Oh, that's a beautiful sight now, isn't it? Fresh, local peaches. Guess what? The peaches are starting to be freestone. This means that when you slice the fruit in half, the stone comes out easily. In other words, it's a lot easier to cook with them. As the peaches start to come in, you should save as many as you can. That way, you can taste summer peaches when we're huddled up in January and February. There's lots of ways to do this, so let's go over a couple of them.
|Photo via canningbasics.com|
The easiest thing to do is can halved peaches. Come winter, we'll use them to make a classic peach pie. But first, you'll need to skin the fruit. This is pretty simple. Get a pot of water boiling, and fill a large bowl with ice water. On each fruit, make a very shallow "X" on the bottom of the fruit. Immerse the peaches in boiling water for 90-120 seconds, then promptly move to the ice bath. When it's cool enough to handle, the skin will easily slip off. Cut them in halves and/or quarters, removing the stones.

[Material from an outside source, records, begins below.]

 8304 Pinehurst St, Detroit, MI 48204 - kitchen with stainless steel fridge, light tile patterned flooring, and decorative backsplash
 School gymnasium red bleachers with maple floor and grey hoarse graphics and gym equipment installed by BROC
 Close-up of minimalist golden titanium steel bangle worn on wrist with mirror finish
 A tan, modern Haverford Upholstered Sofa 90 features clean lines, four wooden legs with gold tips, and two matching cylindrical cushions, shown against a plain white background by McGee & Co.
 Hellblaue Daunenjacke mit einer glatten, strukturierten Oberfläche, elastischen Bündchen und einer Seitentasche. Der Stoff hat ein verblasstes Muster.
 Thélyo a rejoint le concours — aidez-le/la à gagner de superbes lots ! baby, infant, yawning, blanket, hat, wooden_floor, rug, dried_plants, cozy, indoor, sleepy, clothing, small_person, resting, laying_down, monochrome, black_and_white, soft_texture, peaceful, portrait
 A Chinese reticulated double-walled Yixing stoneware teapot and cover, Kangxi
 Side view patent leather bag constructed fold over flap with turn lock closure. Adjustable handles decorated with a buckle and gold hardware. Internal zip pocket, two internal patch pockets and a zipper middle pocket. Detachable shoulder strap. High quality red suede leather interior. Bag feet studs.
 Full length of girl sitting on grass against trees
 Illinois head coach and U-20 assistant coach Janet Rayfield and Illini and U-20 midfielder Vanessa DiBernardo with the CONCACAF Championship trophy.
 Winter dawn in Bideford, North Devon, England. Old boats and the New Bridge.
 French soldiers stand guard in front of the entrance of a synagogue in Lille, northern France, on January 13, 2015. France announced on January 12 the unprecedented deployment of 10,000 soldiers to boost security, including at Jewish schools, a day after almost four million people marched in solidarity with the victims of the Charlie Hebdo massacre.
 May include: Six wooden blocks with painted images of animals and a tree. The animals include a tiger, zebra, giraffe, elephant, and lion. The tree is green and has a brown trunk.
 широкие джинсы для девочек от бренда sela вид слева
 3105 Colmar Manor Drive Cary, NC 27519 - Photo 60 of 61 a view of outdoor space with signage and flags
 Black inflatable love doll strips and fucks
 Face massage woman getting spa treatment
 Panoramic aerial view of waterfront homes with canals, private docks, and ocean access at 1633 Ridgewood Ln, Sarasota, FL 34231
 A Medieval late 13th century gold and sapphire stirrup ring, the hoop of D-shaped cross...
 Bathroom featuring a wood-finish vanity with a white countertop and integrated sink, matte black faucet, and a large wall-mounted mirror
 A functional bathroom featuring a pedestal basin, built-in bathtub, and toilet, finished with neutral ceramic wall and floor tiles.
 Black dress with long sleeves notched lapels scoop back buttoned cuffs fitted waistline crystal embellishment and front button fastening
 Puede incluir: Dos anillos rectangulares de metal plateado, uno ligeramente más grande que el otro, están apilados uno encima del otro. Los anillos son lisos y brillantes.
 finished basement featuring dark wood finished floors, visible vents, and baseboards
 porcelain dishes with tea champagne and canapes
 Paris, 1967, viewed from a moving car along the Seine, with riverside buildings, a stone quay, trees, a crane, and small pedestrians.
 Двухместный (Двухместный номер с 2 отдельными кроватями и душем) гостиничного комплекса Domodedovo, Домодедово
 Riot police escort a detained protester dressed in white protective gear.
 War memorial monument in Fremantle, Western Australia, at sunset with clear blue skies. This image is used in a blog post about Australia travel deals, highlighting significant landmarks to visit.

|Photo via yearroundharvest.com|
In a previous post, we went over how to prepare jars for canning. Once you've done that, simply arrange the peach sections in the jars. Peaches are generally preserved in syrup. The heavier the syrup, the sweeter the peaches will be. A light syrup would be 1/2 cup of sugar per 2 cups water. At the heavy end, you could use as much as a cup and a half of sugar. (To get that much sugar to dissolve, you'll likely have to boil the water.) Feel free to spice the syrup if you'd like. Cinnamon, anise, and nutmeg all are great options for peaches. Simply pour the syrup into the jars over the peaches, making sure they're all submerged. Leave about half an inch of air space at the top of the jar. Make sure there are no air bubbles by tapping the jars on the counter. Seal the lids on the jars, and immerse them in boiling water for 25 minutes. They need to cool gradually. The easiest thing is just turn off the burner and let them sit in the water overnight.
Peach butter is another great thing to have over the winter. In some of your jars, try adding a teaspoon of bourbon or amaretto per pint. You'll be glad you did!